Directions for this task.
Only the lines running from the line with "Třídicí síta na" to the end of the listing below should be copied, exactly, without pictures.

The data.

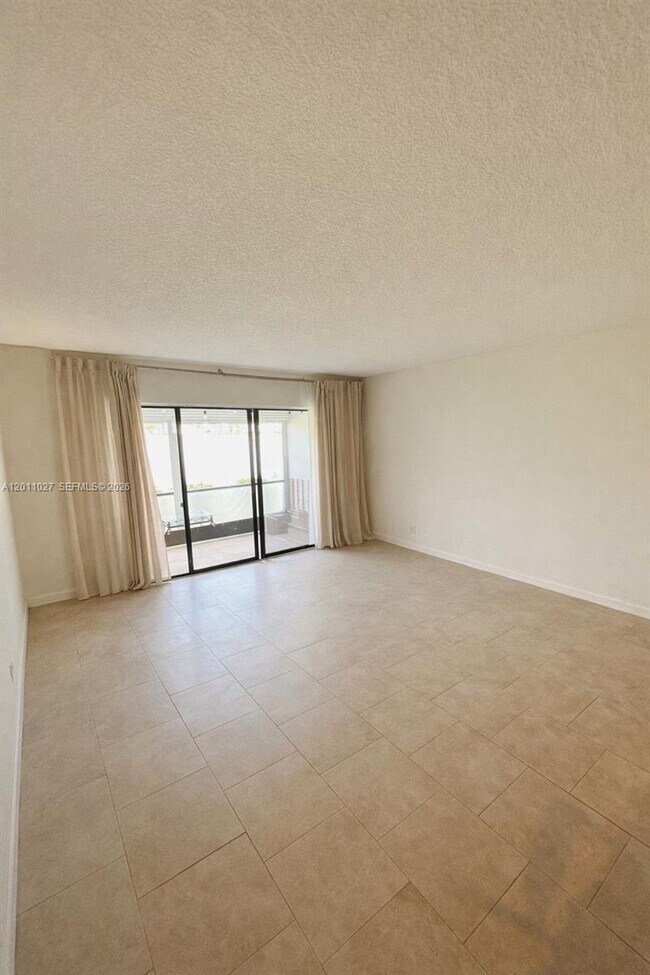 Building Photo - 1110 Green Pine Blvd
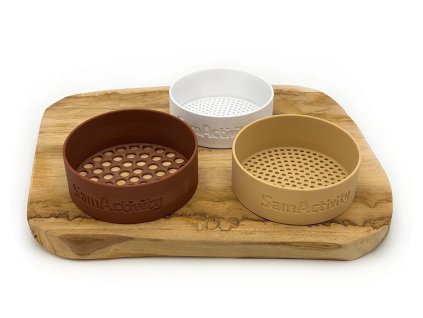 Třídicí síta na sypký materiál v různých velikostech – senzorická pomůcka pro děti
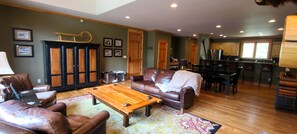 Interior - Spacious 2-bedroom Ski in/Ski out condo in beautiful Big Sky, Montana. (Big Sky)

Solution for this problem.
 Třídicí síta na sypký materiál v různých velikostech – senzorická pomůcka pro děti
 Interior - Spacious 2-bedroom Ski in/Ski out condo in beautiful Big Sky, Montana. (Big Sky)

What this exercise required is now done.